Play by the rules.Preauthorization (sometimes called “preapproval”) is designed to save you and the insurer the cost of an unnecessarily expensive test, procedure or drug when less expensive but effective alternatives are available. So you need to play by the rules. New and very expensive drugs, such as those used to treat hepatitis C (which can cost up to $90,000 for a 12-week treatment) or cancer (a newly approved cancer medication can cost $475,000 for the required course of treatment!), almost always require preauthorization. So do expensive tests, such as PET scans and MRIs. And complicated procedures, such as spinal fusions, organ transplants or open-heart surgery, usually must be preapproved. 

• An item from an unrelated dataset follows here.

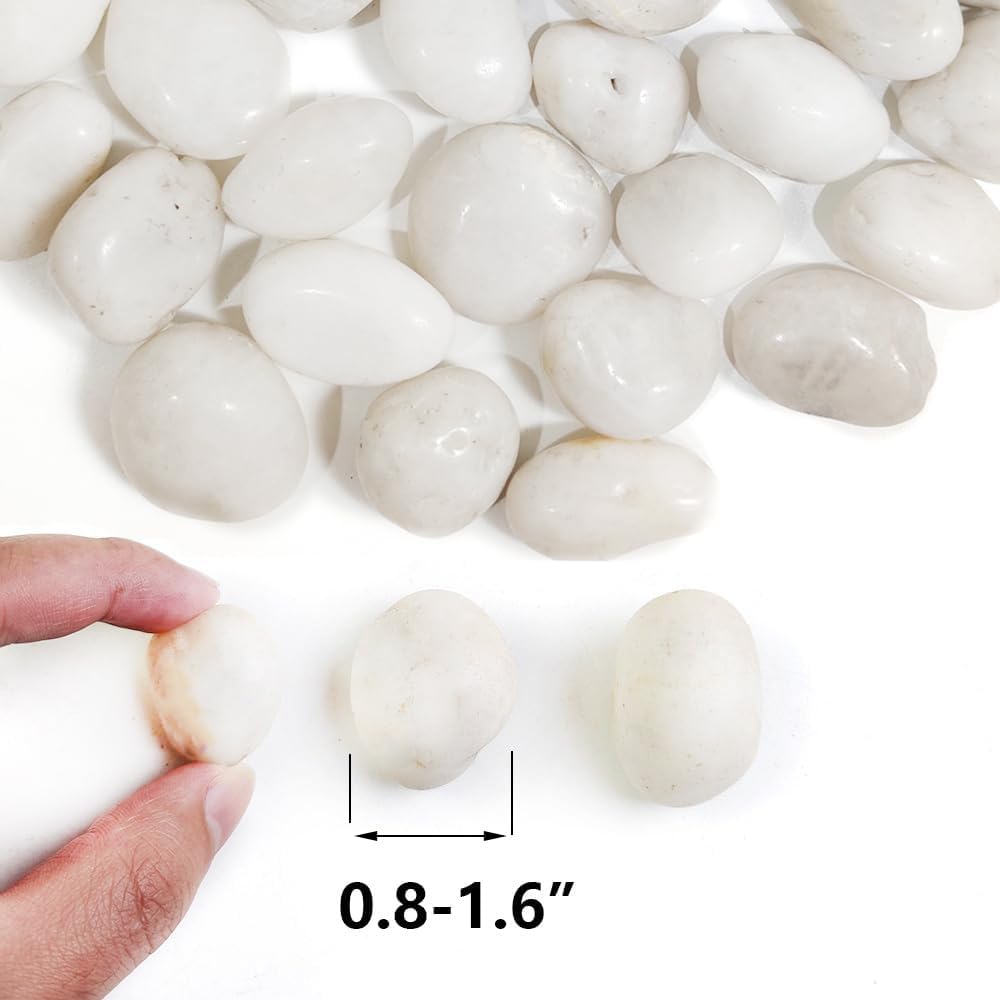 HappyFiller Natural Decorative White Pebbles Polished Rocks Stones for Aquarium Gravel,Fish Turtle Tank,Outdoor Indoor Succulents Plants Top Dressing,Graden Landscaping,10 LB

Get an official go-ahead. When a doctor orders a test, procedure or new drug, always ask him/her or the office staff if it must be preauthorized by your insurance company. Because every insurer is different, your physician may not know offhand, but his office staff should handle any necessary preauthorization and will know who to contact. To cover your bases, you should also call your insurer’s customer-service department to make sure it will be covered—or what documentation must be submitted to have it covered. If you have traditional Medicare, there are very few tests and procedures requiring preauthorization. However, your Medigap plan may have limits, so check with both Medicare at 1-800-Medicare and with your Medigap carrier. Medicare Advantage members need to be diligent—these plans have many preauthorization requirements. 

Keep up to date. Always check for changes in coverage that your insurer makes annually. A drug or medical service that did not require preauthorization last year may require it this year. This information can be obtained by calling your insurance company or consulting its website. 

Appeal! If you are denied a preauthorization request, appeal the decision. Nowadays, few insurers make these decisions in-house. They contract with outside medical groups by specialty. Ask your insurer who made the decision, and the representative must give you the contact information. 

Ideally, your doctor should contact that entity directly to discuss your case. But if that doesn’t happen, ask the doctor for the diagnosis code and a letter explaining why you need the drug or procedure so you can take the matter up with the group that denied the preauthorization. This information will give you the best possible shot at winning your appeal.